Experiment, learn and adapt.

Every zone is different.

How is your zone doing recently?


----------



## Judge and Jury (Oct 19, 2019)

rideshareapphero said:


> Let's us know what's it like being a top dasher I've yet to meet one.


Experiment, learn and adapt.

What's your gross revenues looking like over the last six weeks?

Are you experimenting and adapting or just denigrating profitable contractors because you can't keep up?


----------



## Judge and Jury (Oct 19, 2019)

rideshareapphero said:


> Let's us know what's it like being a top dasher I've yet to meet one.


All market dependent.

By the way, you seem to be sheltered as a driver.

TD's are all around you.

Parking near your shade tree and other cars are driving off for LOP offers while you are posting that you have waited 35 minutes in a hotspot with no offers.


----------



## rideshareapphero (Mar 30, 2018)

Judge and Jury said:


> All market dependent.
> 
> By the way, you seem to be sheltered as a driver.
> 
> ...


So since you're a top dasher are you getting the best orders? $15, $20 for short miles?

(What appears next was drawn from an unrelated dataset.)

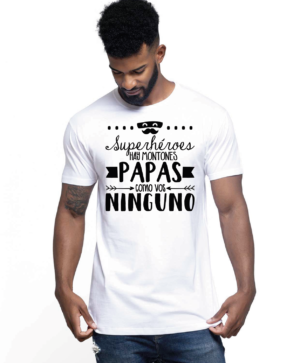 Camiseta superheroes hay montones ... - vinilosymas.es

Or do you still get the $2.50, $3.50 etc, or the $7 for 12 miles and such orders?


----------



## Judge and Jury (Oct 19, 2019)

rideshareapphero said:


> So since you're a top dasher are you getting the best orders? $15, $20 for short miles? Or do you still get the $2.50, $3.50 etc, or the $7 for 12 miles and such orders?


Already answered.

Post #19 on this thread.


----------



## REX HAVOC (Jul 4, 2016)

I'd be a top dasher if I could get my acceptance rate way down. Sitting at 27 percent as we speak.


----------



## UberBastid (Oct 1, 2016)

REX HAVOC said:


> I'd be a top dasher if I could get my acceptance rate way down. Sitting at 27 percent as we speak.


Me: If I was two inches bigger I'd be a king.
Wifey: And if you were two inches smaller, you'd be a queen.


----------



## Judge and Jury (Oct 19, 2019)

...


----------